You probably love trimming the tree. Wrapping the presents. Putting out milk and cookies for Santa. Getting up this morning with the happiness of the day. These are The Holidays, after all, and you expect tidings of comfort and joy.
My expectations for The Holidays have traditionally been more complicated than that. Not that I have any reason to actually be in a bad mood about Christmas. I just find the forced merriment aggravating, sometimes excluding and often lonely. Plus I hate to shop.
Bah humbug. There, I said it.
I must confess, however, that this year snuck up on me like a ghost at midnight. I started the season with my usual crisis of cheer but then, well, you might say a bell went off in my head.
It was the day we put up our tree. That morning, I learned my daughter – my only child and Christmas-morning-gift-opening companion for the last 21 years – was leaving for the holidays and that we would have to cancel a trip to Mexico. She needed to work to help pay for the last semester of college and, she confessed, she was still tender about flying after the terrorist attacks in September. So she got on a bus and left.
With her gone, I would be spending Christmas with my longtime boyfriend, Peter, two of his college-age children, and their mother. Psychographically, we look like your average 21st century pre-ex-pro-con-yours-mine-ours American household. A blended family, you might say – although blender is sometimes more what it feels like.
The point is, this was not sounding like the most promising holiday plan I’ve ever had.
Let me add to this that my late mother’s birthday is in December, and I found myself aching to place my head on her shoulder and say, “Ma, tell me about life.”
This was my frame of mind while I was decorating the back yard of Peter’s house, putting up lights for his family and longing for mine. I was deep in this self-pity when I heard the bells ringing at a nearby church. They ring every hour of every day, but I have become so accustomed to the sound that it long ago fell into the domain of background clamor.
Yet this day, the bells caught my attention because, quite astonishingly, they reminded me of “A Christmas Carol,” Charles Dickens’ classic story of the night Ebenezer Scrooge is transformed from a squeezing, wrenching, grasping, scraping, clutching, covetous old sinner into a good man. I’ve seen more than 30 productions of this tale – in fact, my daughter performed in it many years ago. I can practically recite the words that tell of Mr. Scrooge and Old Marley, who is dead as a doornail, and the travels with ghosts. Ghosts, I might add, who are announced by chimes.
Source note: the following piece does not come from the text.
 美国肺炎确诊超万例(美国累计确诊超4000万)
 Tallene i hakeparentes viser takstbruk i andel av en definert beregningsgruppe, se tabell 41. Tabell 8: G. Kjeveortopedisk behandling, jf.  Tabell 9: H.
This story is beloved to me and I don’t mind confessing that Mr. Scrooge is one of my most cherished heroes in all English literature.
So when these bells rang in the back yard that day, I was stunned by the depth of the echo in my ears. Somehow, it seemed louder, more primal to me this time, and those clangs vibrated in my heart. “It swung so softly at the outset that it scarcely made a sound,” writes Dickens of the first bell Scrooge hears that fateful night. “But soon it rang out loudly.” As I recalled these lines, a small chill ran through me. Then, as if in a dream, I was whisked back to all the bells of Christmases past and present.
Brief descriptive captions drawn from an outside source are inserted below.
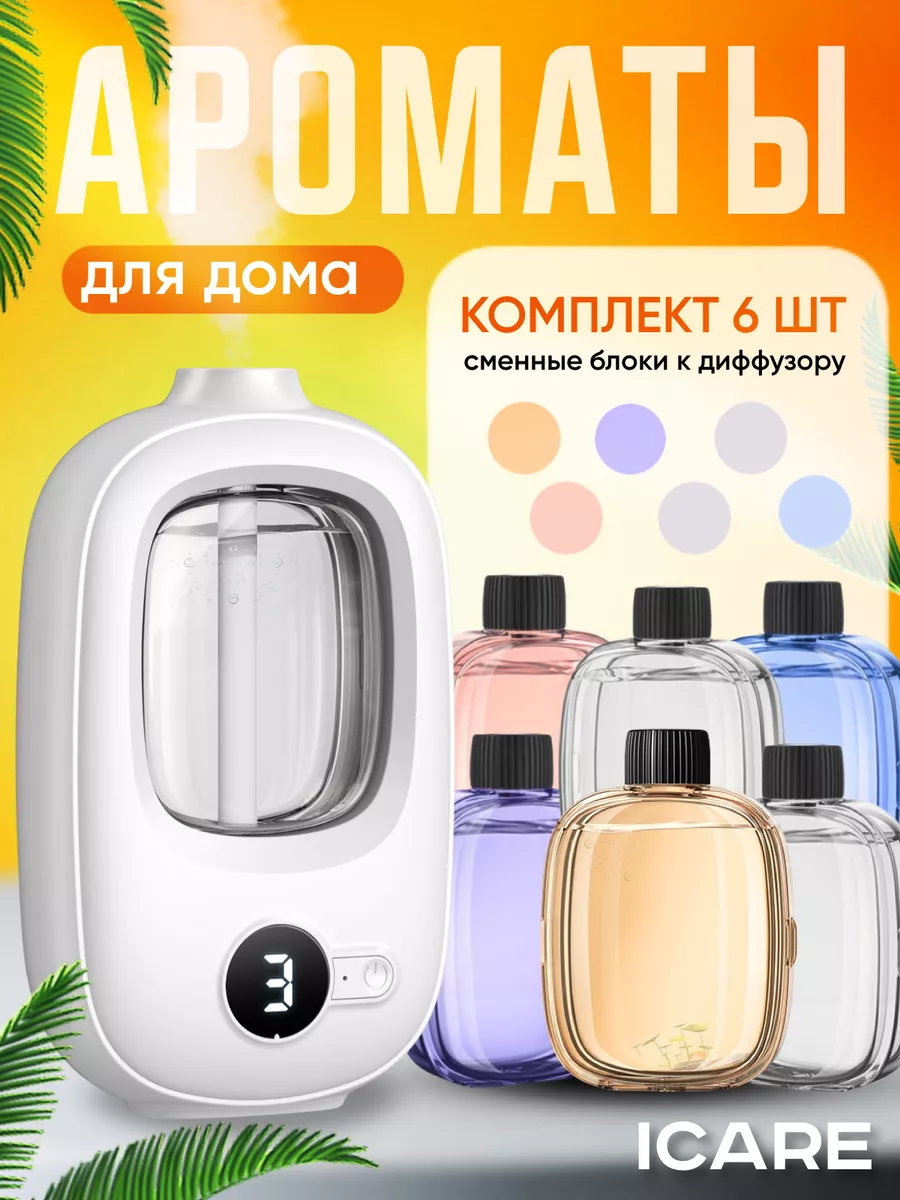 Набор ароматов для...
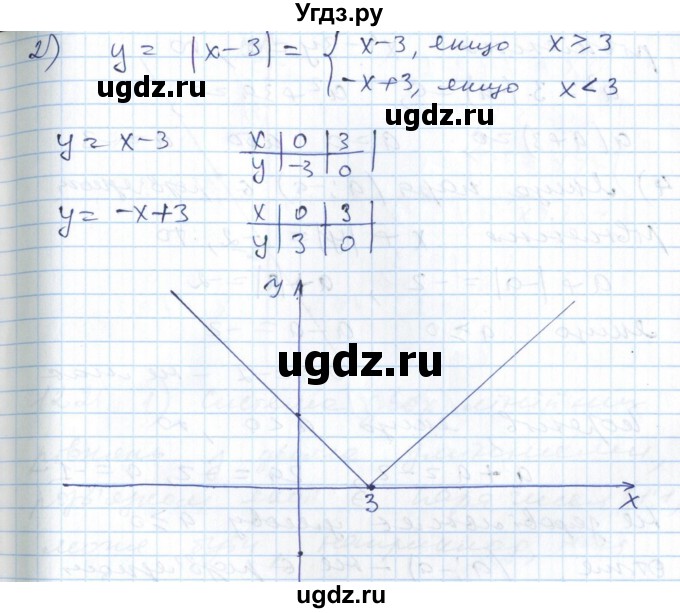 ГДЗ (Решебник №1) по алгебре 7 класс Мерзляк А.Г. / завдання номер / 1218(продолжение 2)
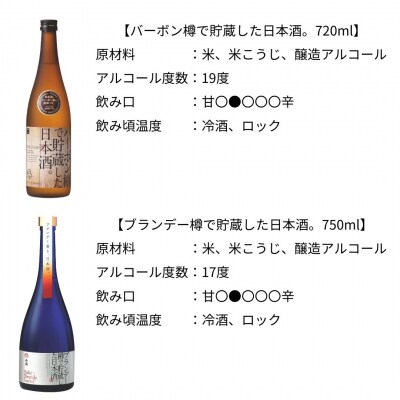 日本酒の新たな可能性追求セット 新潟県 日本酒 飲み比べ [福顔酒造]【034S029】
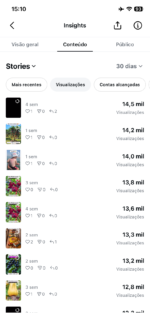 INSTA ORGÂNICO E ENGAJADO 147 mil seguidores - Imagem 2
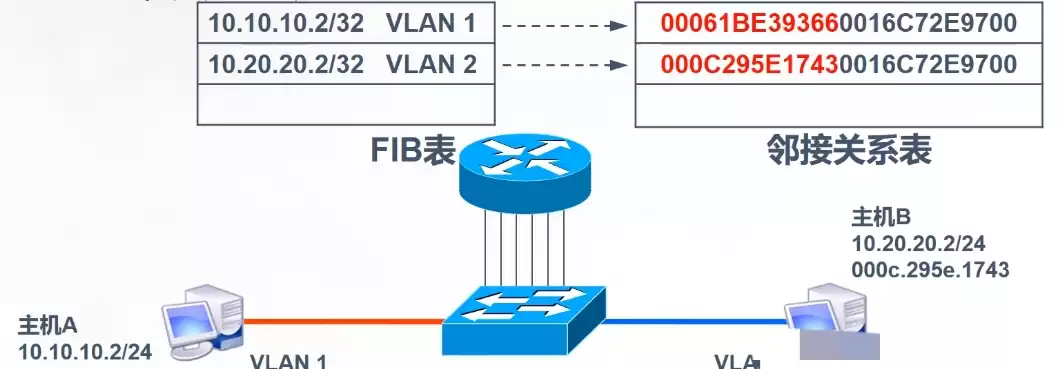 网络交换核心技术揭秘：二层交换筑基，三层交换智能飞跃！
Workers standing in the cold and ringing bells for donations to the Salvation Army. George Bailey holding his daughter at the end of “It’s A Wonderful Life” and a bell on the Christmas tree jingling as Clarence, the angel, gets his wings in heaven. The Grinch hearing the Whos down in Whoville singing joyfully despite his pilfering of their gifts the night before. My mother waving a chain of bells from the back porch of our family home in Washington five years ago when my daughter and I arrived for what would turn out to be our last Christmas with her. And a tiny bell ornament that hung on all the Christmas trees of my childhood.
These bells transported me, I tell you.
Suddenly, I felt as light as a feather, and it seemed easy to support my daughter in her venture and to feel generously toward Peter and his family. I would endeavor, I promised, to be a person of cheer. Or at least to do my best.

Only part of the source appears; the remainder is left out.